COMMENT 1.3: In addition, I note that the authors analyse the simulated data (number of trials to reverse) assuming a Gaussian likelihood (line 178), where these are count data (probably more suited to Poisson/Negative-Binomial). As mentioned again and again in earlier reviews, this may or may not influence the interpretation in the end, but you can’t be sure without checking the data meet the likelihood’s assumptions.

Reply 1.3: Thank you for highlighting that the number of trials to reach the criterion during the reversal needed a different likelihood. The models in which we attempt to explain variation in the number of trials are now constructed assuming a Poisson distribution, with a log-likelihood link, which we explain in the Methods:

“We assumed that the number of trials followed a Poisson distribution, because the number of trials to reach criterion is a count that is bounded at smaller numbers (individuals will need at least 20 trials to reach the criterion), with a log-linear link, because we expect there are diminishing influences of further increases in $\phi$ or $\lambda$.”

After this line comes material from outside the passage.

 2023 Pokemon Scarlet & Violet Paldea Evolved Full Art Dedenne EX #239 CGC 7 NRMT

This did not, overall, change any of the previous associations, but makes the inferences more precise.


COMMENT 1.4: Most if not all the analyses are done in a Bayesian framework using Stan. Yet the authors do not give key details that should be provided with any such analyses, such as: the priors and why they were chosen; how did they check convergence and how; did they run posterior predictive checks… All of these have the potential to affect the validity of the inference (Gelman et al., 2020; McElreath, 2020); thus information on how they were done is needed. In particular, cursory reading of the code signals that priors were altered from the original choices: then, some explanation is needed either a minima to explain the final prior choice, a maxima to explain the initial priors, why they were bad, and why the final choice is better (I am in principle OK with the a minima option)

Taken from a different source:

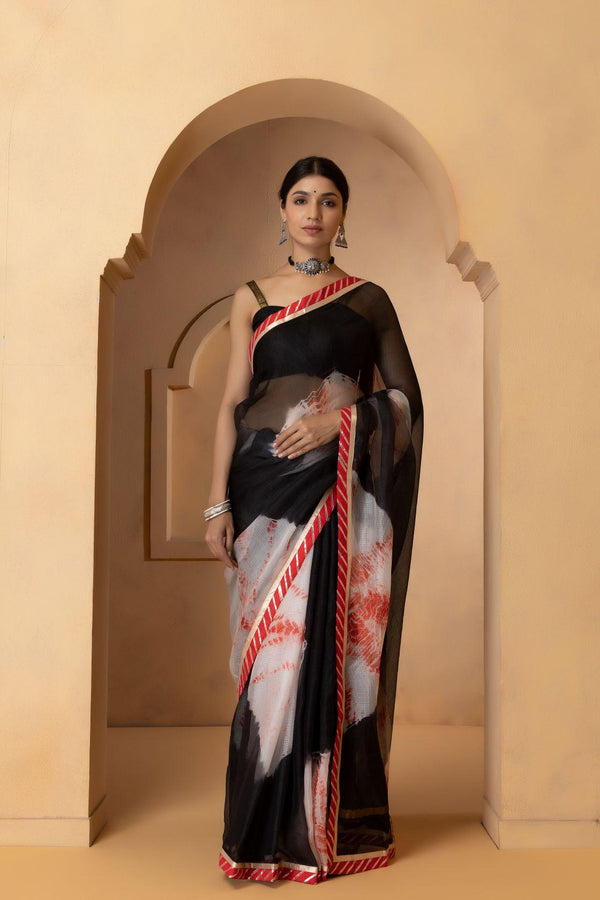 Red & Black Pure Kota Silk Hand Dyed Shibori Saree - Geroo Jaipur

Reply 1.4: We realized that we had not provided sufficient information on all of the model formulation and their estimation. For all statistical models, we added the specific formulas linking the outcome to the predictor variables, the priors, and the rationale for choosing particular priors. In all instances priors were informed by previous data from a different population or by the predictions. Here is the example for the model investigating the number of trials in relation to phi and lambda in the Methods:

“Number of trials to reverse ~ Poisson(mu)

log mu = a + b*phi + c*lambda

a ~ Normal(4.5,1)

b ~ Normal(0,1)

c ~ Normal(0,1)


The prior for the intercept a was based on the average number of trials birds in Santa Barbara were observed to need to reach the criterion during the reversal (mean of 4.5 is equal to logarithm of 90, standard deviation set to 1 to constrain the estimate to the range observed across individuals). The priors for the relationships with $\phi$ and $\lambda$ were centered on zero, indicating that a-priori we do not bias it toward either a positive or a negative relationship.”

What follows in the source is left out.